Why did this happen to my pennine? I went to check on my pasta and found it in a rather odd configuration.

(Originally, all the pasta was standing together; the few loose ones there are because I had picked up the pot, semi-drained it, and set it back down before taking this photo.)
It had cooked fully submerged in boiling water on a gas stove for 5–10 minutes. The heat was on medium.
The pot was closed with a lid, though the lid has small openings to allow for draining. There was water around the base of the pot, indicating that it had boiled over.

All the pasta had been loose and separate when it was dry and I poured it in. After I drained the water, the pasta continued to stand on end, but some light knocking dislodged it.

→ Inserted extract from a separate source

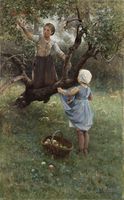 Girls Picking Fruit
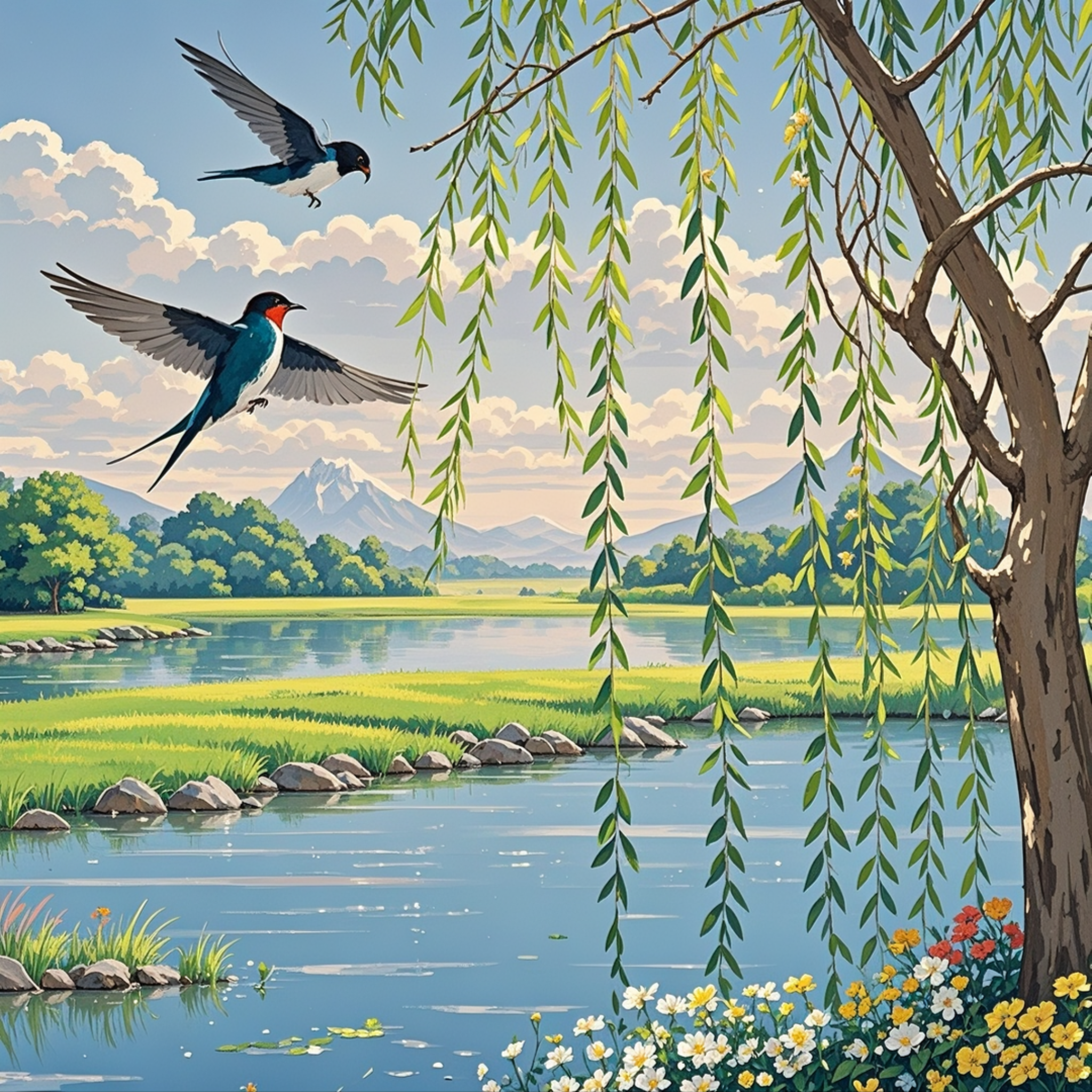 柳枝轻拂湖面,燕子在柳树间穿梭,灵动优雅.#动态流量挑战赛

 A: Well, I have no background of any kind in physics, but having been encouraged in the comments:
I suspect that the boiling over is a good clue. Because this lid has those built-in holes at the side for draining, water tries to escape through there under some pressure. But I expect the small size of the holes means the water creates little vortices like a drain and a pulling force when it's boiling over.
This force would have interacted with the pasta swirling around in the boiling water, and pushed the noodles into a "path of least resistance" by aligning them as a tube with the direction of the holes. But not being enough to lift them, they remained at the bottom of the pot (perhaps as something swirling down a drain remains suspended in the water for longer than you'd expect?).

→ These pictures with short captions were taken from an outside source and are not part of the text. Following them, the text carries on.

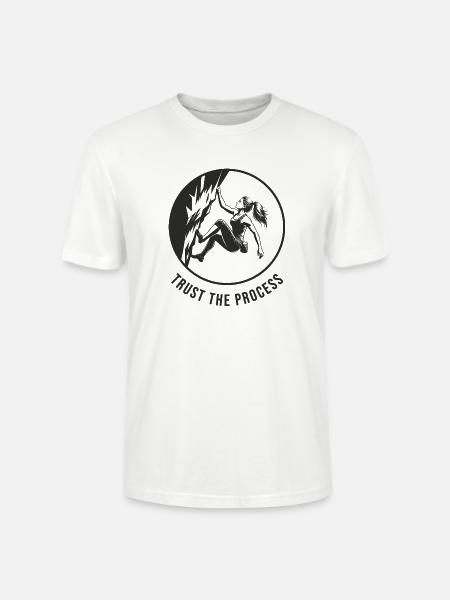 Starkes Mädchen bouldert am Fels trust the process - Stanley/Stella Unisex Bio-T-Shirt CRAFTER - Weiß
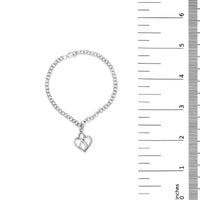 .925 Sterling Silver Open Heart with Center Vertical Infinity Chain Charm Bracelet - Size 7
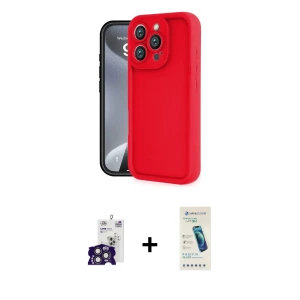 ieg™ iPhone 16 Pro Max Kılıf Yankı Yansıma Özel Seri - Şeffaf Pasifik Cam Ekran Koruyucu + Bilvis Titan Kamera Lens - TMGI
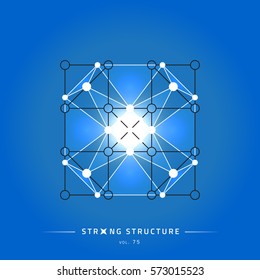 Stroke linear isolated geometric figure. Scientific grid. Chemical lattice structure. Compound model. Fundamental nuclear particle. Sacral symbol. Magic metaphysic emblem sign. Cosmic astral shape.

As for the gluing with starch, it was pretty light, since as we see some fell away with a little jostling. It may just have been partly an effect of their being packed closely enough to stick to each other. But if they did glue a little to the bottom, that's still possible with the above since the pasta comes to a point rather than being a flush cylinder and so water can still get into it while it makes contact with the bottom.
I can think of a caveat to this theory... In the image, you can see that the pasta is not by one of the grooves in the side of the pot. Those grooves are where the holes align when the lid is on properly, which I think it was at the time. So you would probably expect the noodles to be by the groove.